Attached to this post are pics of the Alkcalc results for your water, with a comparison of the different acid types and the amounts required calculated and the corresponding nutrient ppm added by the three acid types(phos, sulfuric, nitric).

The JR Peters hydroponic special has more than enough nitrogen in it, so that is why they generally recommend sulfuric acid. As Coir has said it is cheap, easy to obtain, and effective. Battery acid is around 35% sulfuric acid, and is relatively safe to handle, the nitric has to be diluted to about 15% before it is as relatively safe to handle.

The electrolyte grade(virgin battery acid) is more than pure enough. It is the most used pH reducer in horticulture including food crops. What you want to avoid is the stuff the sell commonly as drain opener.

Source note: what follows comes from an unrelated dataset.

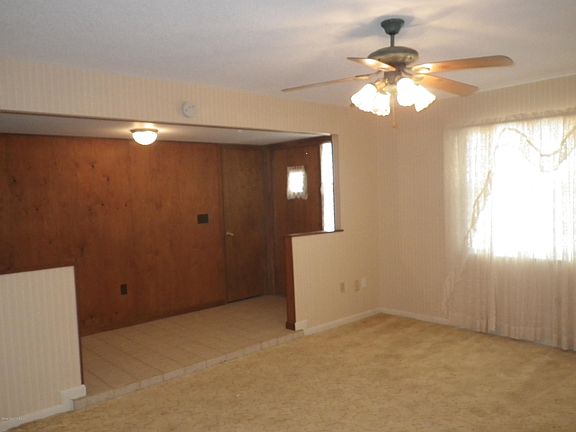5th image of 2803 S Fairway Dr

It is industrial grade, and generally not virgin.

My water has about 180 ppm CaCO3 equivelant and a pH of 7.9. I use sulfuric acid primarily.

Coir said:
One thing to remember is that you will need a lot more of it than Nitric and you will be adding similar amounts of sulfur to your feed just like you were adding phosphorus before which may or may not cause you more issues.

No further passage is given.